APEX Data Parser – How to Parse XLSX and CSV?
PARSE Function
This is the main parser function. It allows to parse XML, XLSX, CSV or JSON files and returns a generic table of the following structure:
Structure of parser return
LINE_NUMBER, COL001, COL002, COL003, COL004 … COL300
We have line_number and 300 other columns, having said that we can read 300 columns from the above four file formats.

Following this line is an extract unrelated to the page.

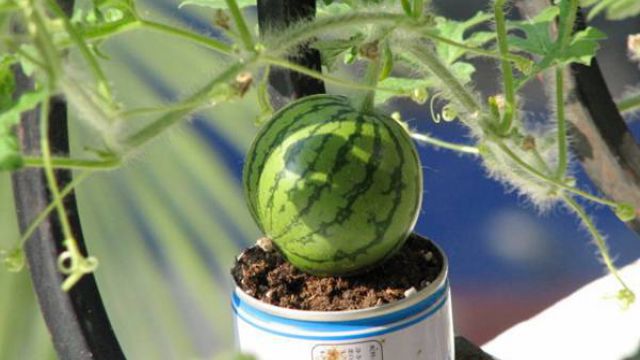 阳台的西瓜种植方法 阳台的西瓜种植方法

Parser Function parameters.
FUNCTION parse (p_content IN BLOB,
p_file_name IN VARCHAR2 DEFAULT NULL,
p_file_type IN t_file_type DEFAULT NULL,
p_file_profile IN CLOB DEFAULT NULL,
p_detect_data_types IN VARCHAR2 DEFAULT 'Y',
p_decimal_char IN VARCHAR2 DEFAULT NULL,
p_xlsx_sheet_name IN VARCHAR2 DEFAULT NULL,
p_row_selector IN VARCHAR2 DEFAULT NULL,
p_csv_row_delimiter IN VARCHAR2 DEFAULT lf,
p_csv_col_delimiter IN VARCHAR2 DEFAULT NULL,
p_csv_enclosed IN VARCHAR2 DEFAULT '"',
p_skip_rows IN PLS_INTEGER DEFAULT 0,
p_add_headers_row IN VARCHAR2 DEFAULT 'N',
p_file_charset IN VARCHAR2 DEFAULT 'AL32UTF8',
p_max_rows IN NUMBER DEFAULT NULL,
p_return_rows IN NUMBER DEFAULT NULL,
p_store_profile_to_collection IN VARCHAR2 DEFAULT NULL)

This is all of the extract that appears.